# ASSIGNED TASK:
Restate all the entries exactly as they appear, apart from the pictures.

Stored items from a collection:
▼

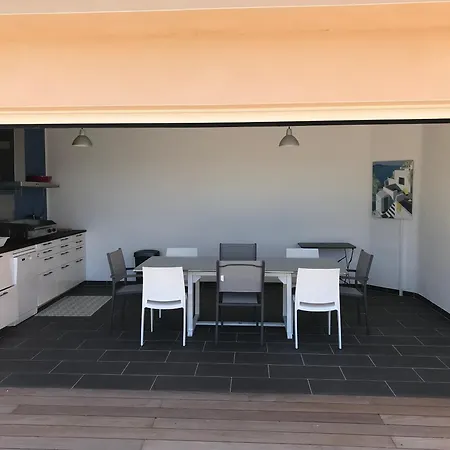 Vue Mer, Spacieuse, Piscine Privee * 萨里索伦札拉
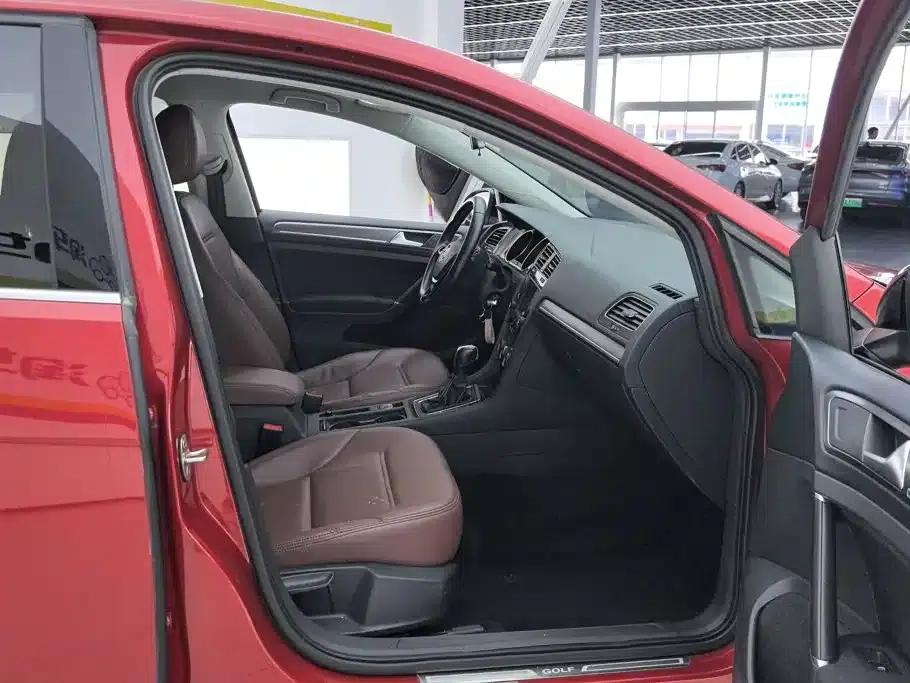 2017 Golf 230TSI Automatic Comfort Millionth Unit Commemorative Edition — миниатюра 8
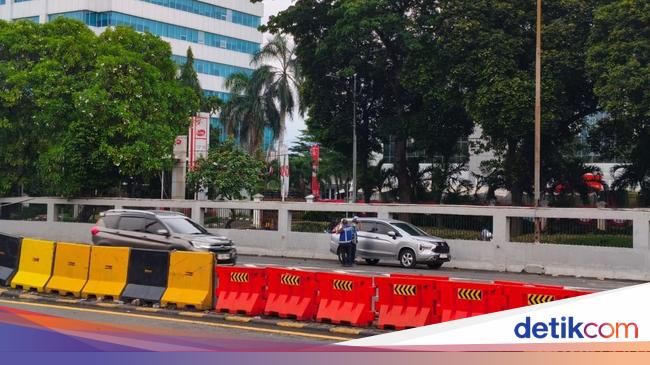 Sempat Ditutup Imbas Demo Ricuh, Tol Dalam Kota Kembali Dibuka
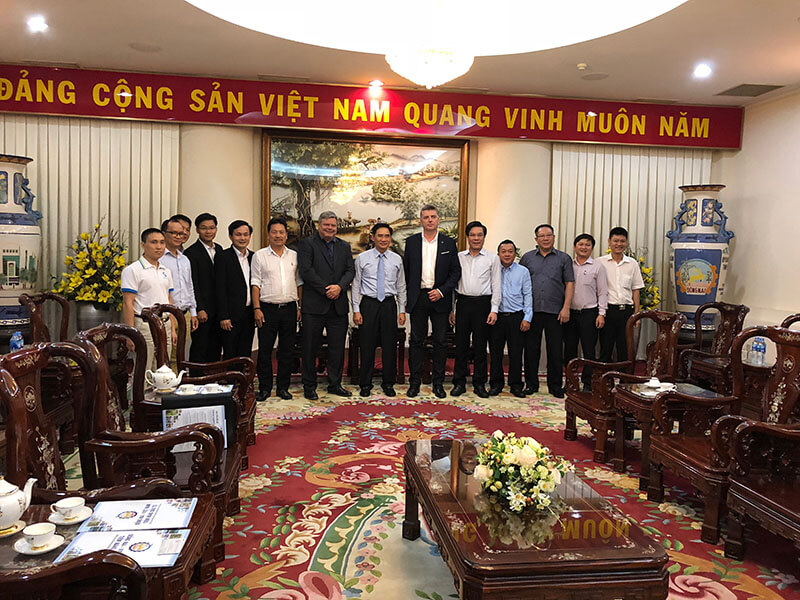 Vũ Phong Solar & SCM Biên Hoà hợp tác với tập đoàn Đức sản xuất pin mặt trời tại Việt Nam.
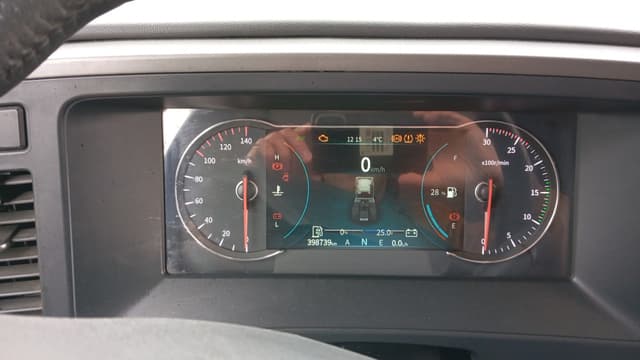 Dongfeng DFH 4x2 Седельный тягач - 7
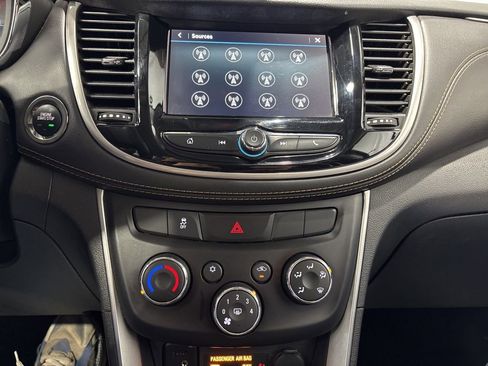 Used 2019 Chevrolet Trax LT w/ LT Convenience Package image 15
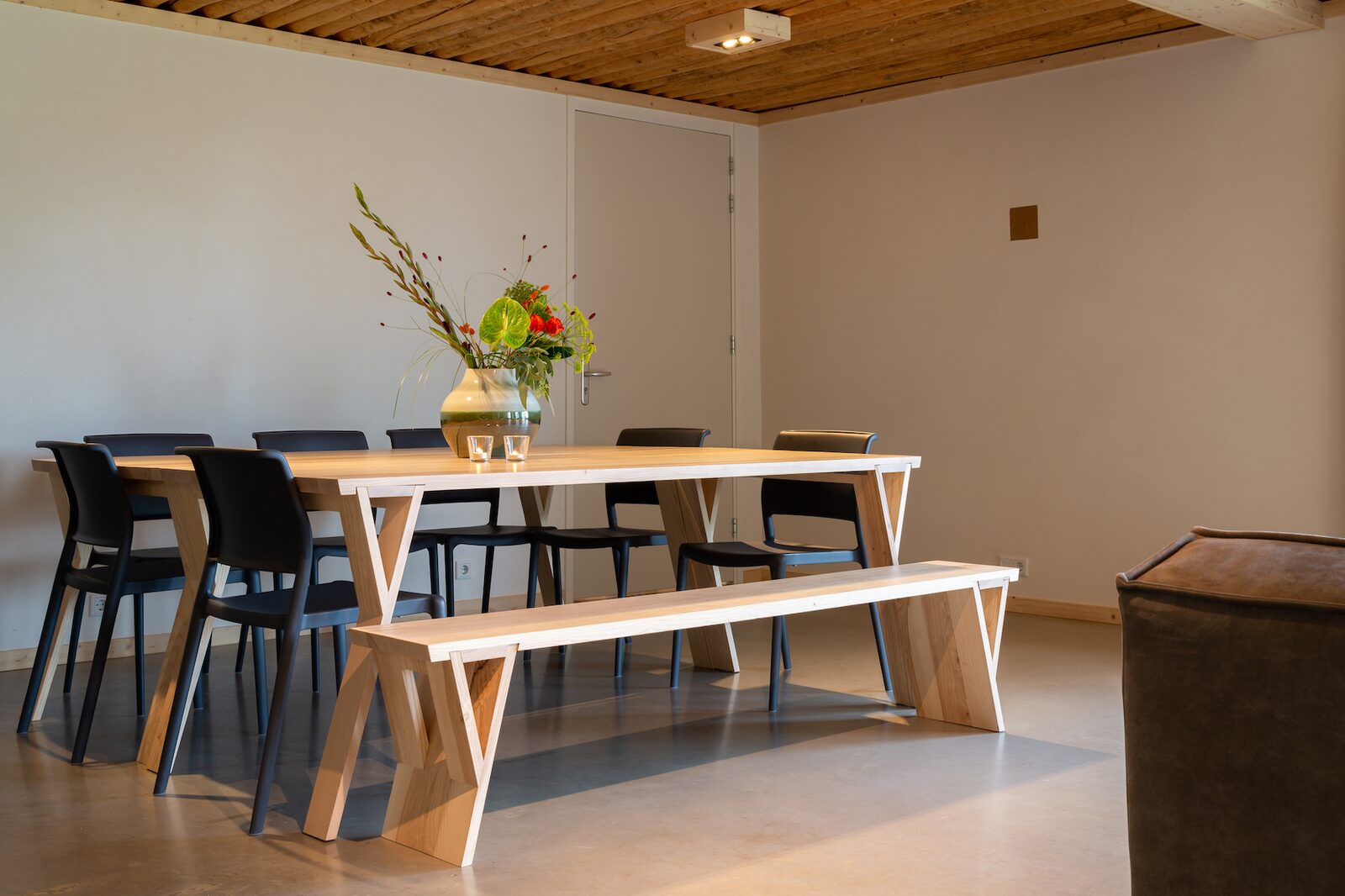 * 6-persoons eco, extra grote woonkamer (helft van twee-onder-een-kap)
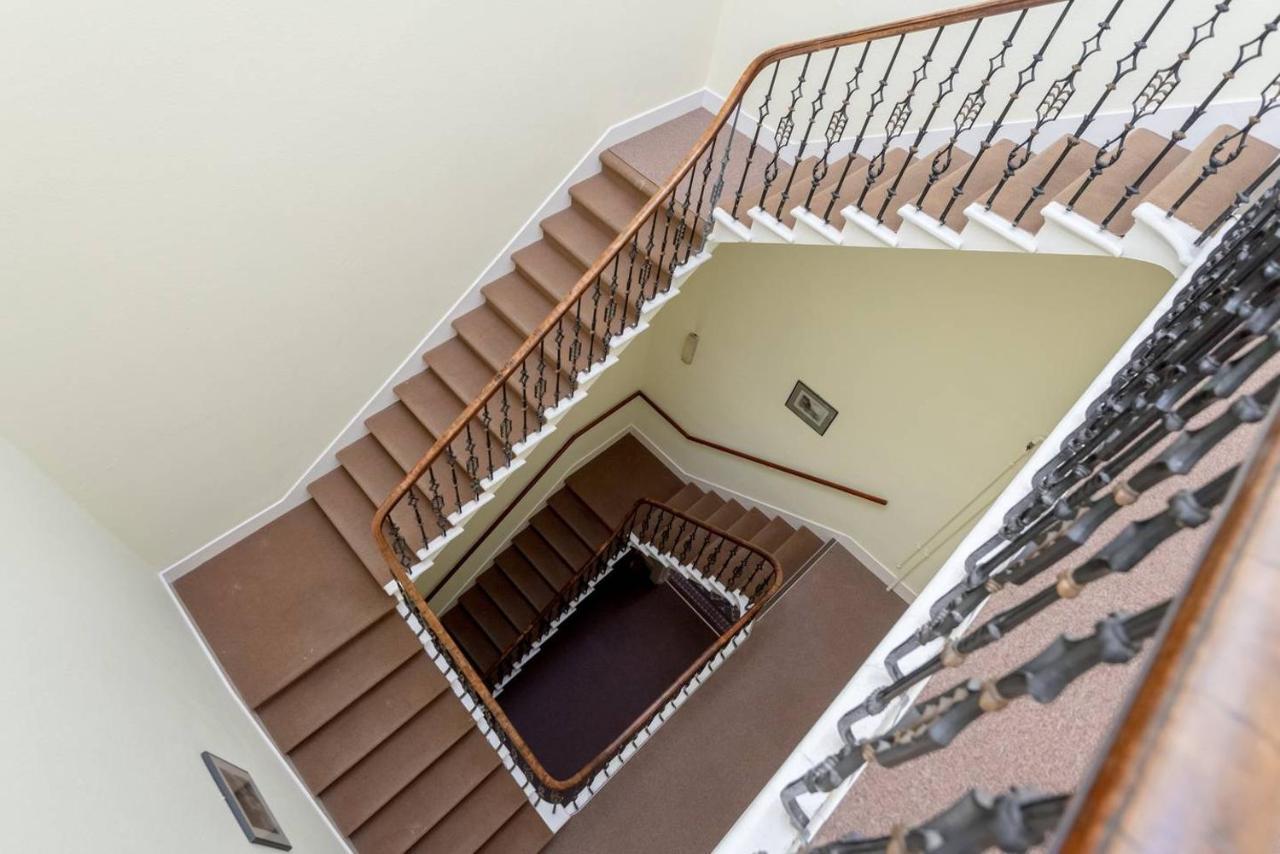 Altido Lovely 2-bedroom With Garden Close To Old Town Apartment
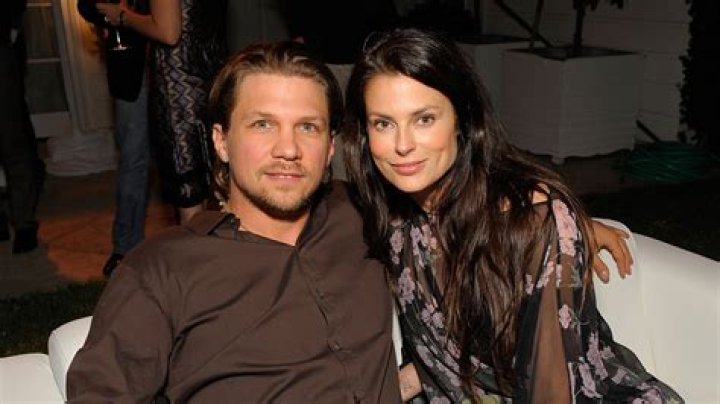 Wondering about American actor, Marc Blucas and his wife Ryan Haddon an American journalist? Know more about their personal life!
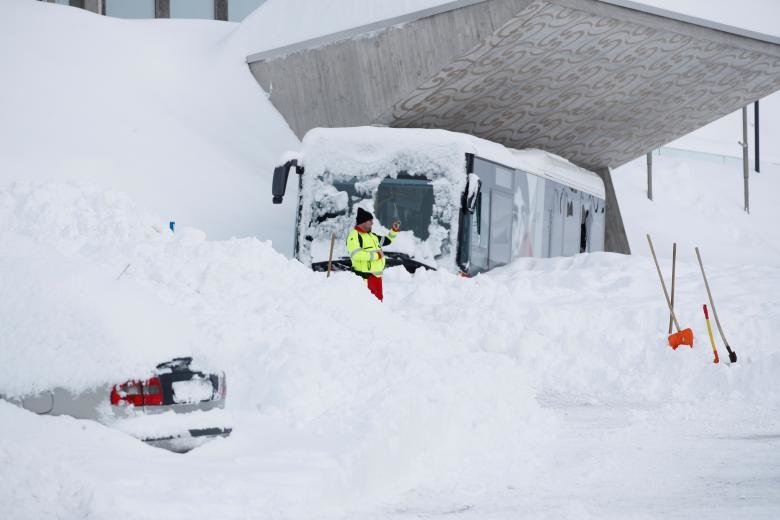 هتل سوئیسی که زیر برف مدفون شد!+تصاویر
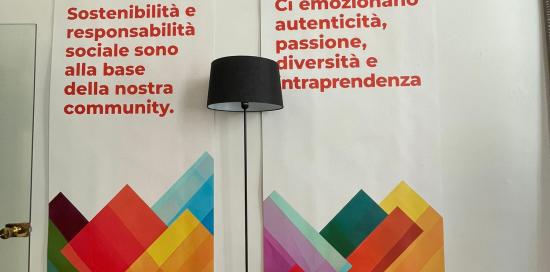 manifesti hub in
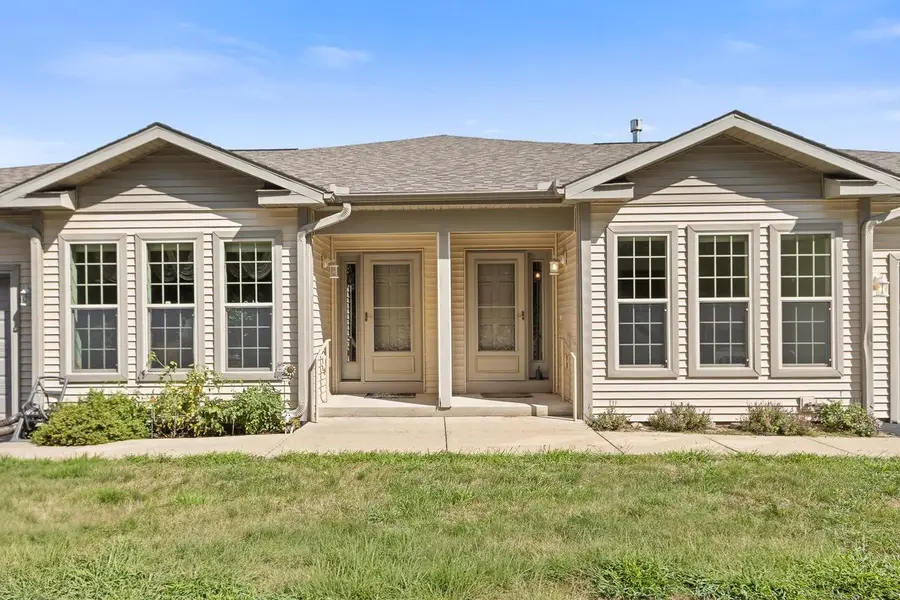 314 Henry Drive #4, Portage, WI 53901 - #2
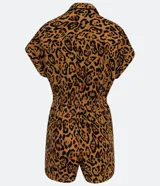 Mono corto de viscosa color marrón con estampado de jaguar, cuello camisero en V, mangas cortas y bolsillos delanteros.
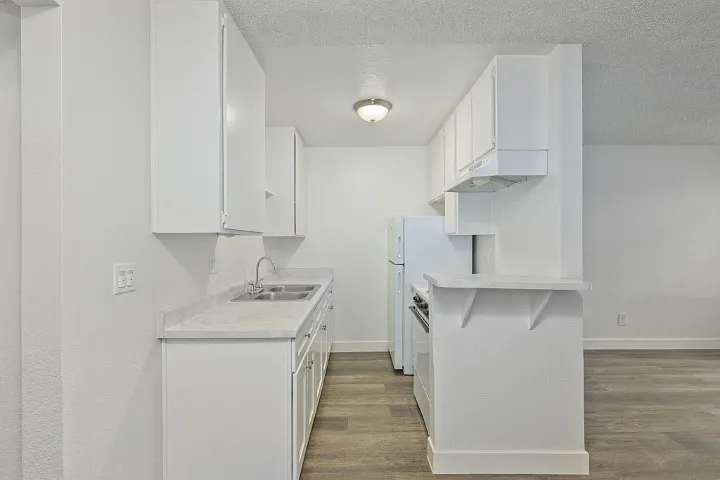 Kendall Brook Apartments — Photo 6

▲

# ANSWER TO THIS EXERCISE:
 Vue Mer, Spacieuse, Piscine Privee * 萨里索伦札拉
 2017 Golf 230TSI Automatic Comfort Millionth Unit Commemorative Edition — миниатюра 8
 Sempat Ditutup Imbas Demo Ricuh, Tol Dalam Kota Kembali Dibuka
 Vũ Phong Solar & SCM Biên Hoà hợp tác với tập đoàn Đức sản xuất pin mặt trời tại Việt Nam.
 Dongfeng DFH 4x2 Седельный тягач - 7
 Used 2019 Chevrolet Trax LT w/ LT Convenience Package image 15
 * 6-persoons eco, extra grote woonkamer (helft van twee-onder-een-kap)
 Altido Lovely 2-bedroom With Garden Close To Old Town Apartment
 Wondering about American actor, Marc Blucas and his wife Ryan Haddon an American journalist? Know more about their personal life!
 هتل سوئیسی که زیر برف مدفون شد!+تصاویر
 manifesti hub in
 314 Henry Drive #4, Portage, WI 53901 - #2
 Mono corto de viscosa color marrón con estampado de jaguar, cuello camisero en V, mangas cortas y bolsillos delanteros.
 Kendall Brook Apartments — Photo 6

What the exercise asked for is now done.